# REQUIRED WORK
Look below for the line with "2007 Ford Econoline" and the line with "Always Ultra binding". Copy exactly those two lines and every line between, but not the pictures.

# DATA SHOWN

* * *

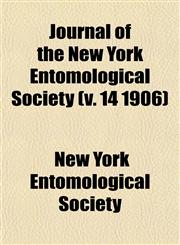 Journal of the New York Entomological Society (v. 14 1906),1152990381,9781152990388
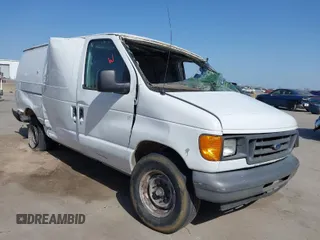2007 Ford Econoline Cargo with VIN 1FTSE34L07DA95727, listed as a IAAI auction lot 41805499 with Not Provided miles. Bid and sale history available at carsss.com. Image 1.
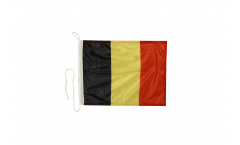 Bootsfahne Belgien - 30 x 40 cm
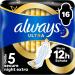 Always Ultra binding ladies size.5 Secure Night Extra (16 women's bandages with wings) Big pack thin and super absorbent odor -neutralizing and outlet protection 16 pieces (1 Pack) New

* * *

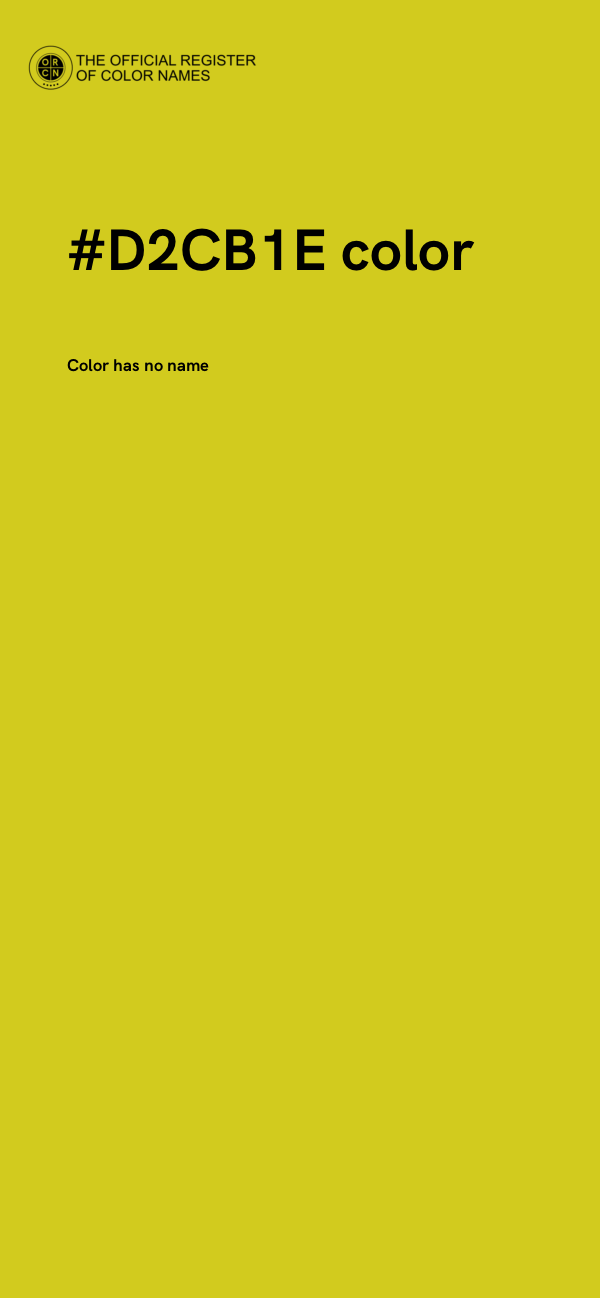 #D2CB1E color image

* * *

# EXERCISE RESULT
2007 Ford Econoline Cargo with VIN 1FTSE34L07DA95727, listed as a IAAI auction lot 41805499 with Not Provided miles. Bid and sale history available at carsss.com. Image 1.
 Bootsfahne Belgien - 30 x 40 cm
 Always Ultra binding ladies size.5 Secure Night Extra (16 women's bandages with wings) Big pack thin and super absorbent odor -neutralizing and outlet protection 16 pieces (1 Pack) New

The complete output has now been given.